WHAT IS BEING ASKED: You are asked to reproduce the listing exactly and to omit its pictures.
Top of DATA BELOW
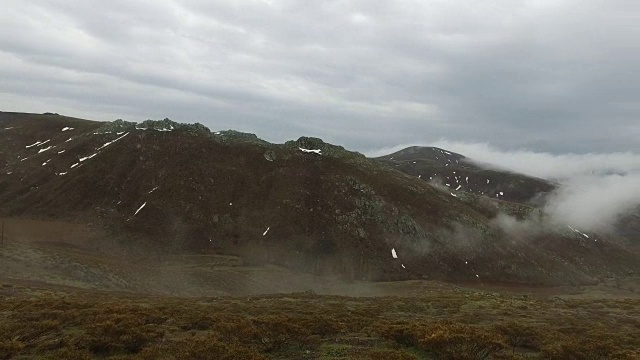 内姆鲁特山上空的雾视频素材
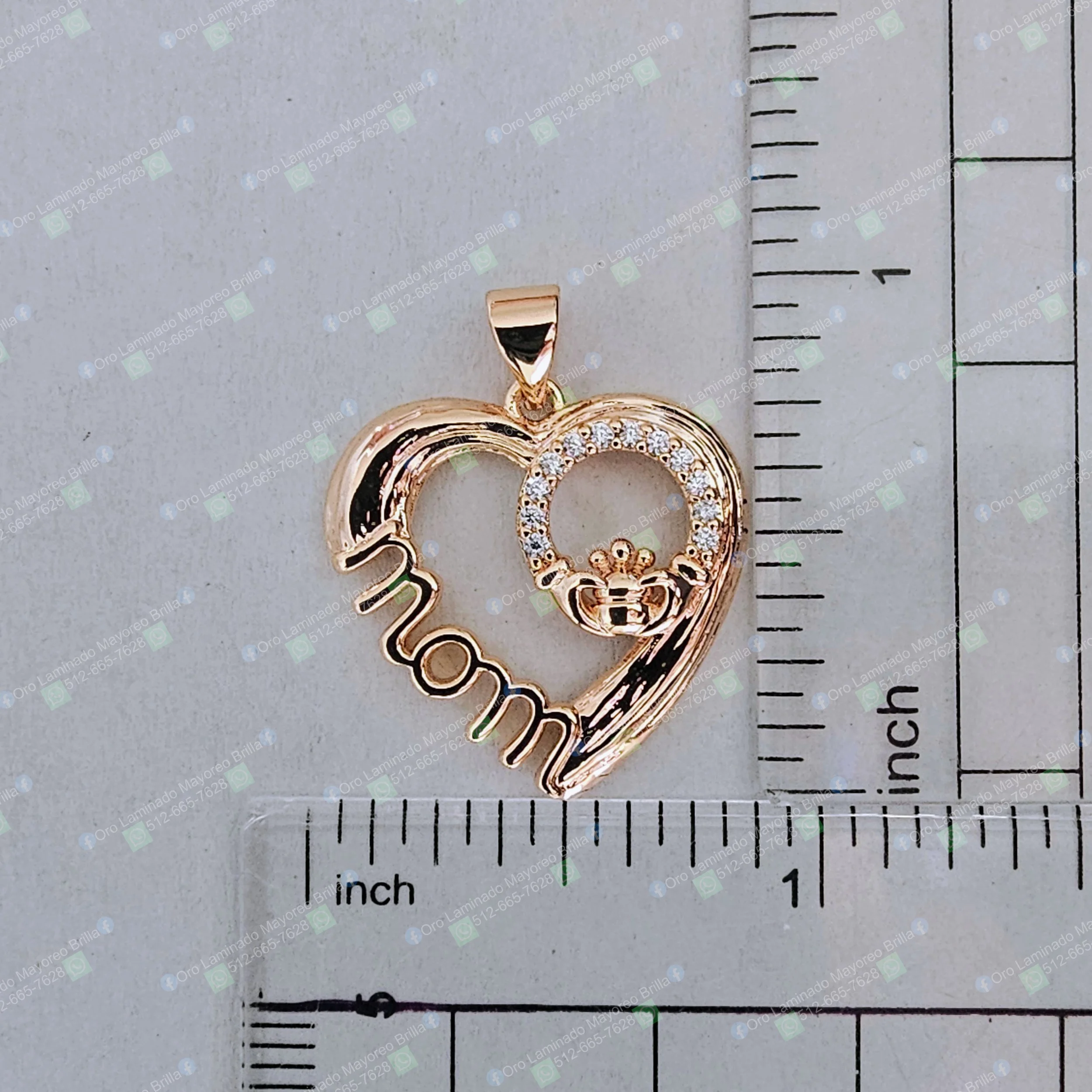 Dije Mom con corazón y corona color oro con piedras brillantes | Mom heart pendant with crown gold color and clear stones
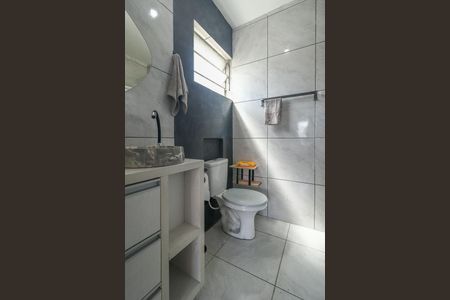 Banheiro de apartamento à venda com 1 quarto, 32m² em Petrópolis, Porto Alegre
Bottom of DATA BELOW
EXERCISE RESULT:
 内姆鲁特山上空的雾视频素材
 Dije Mom con corazón y corona color oro con piedras brillantes | Mom heart pendant with crown gold color and clear stones
 Banheiro de apartamento à venda com 1 quarto, 32m² em Petrópolis, Porto Alegre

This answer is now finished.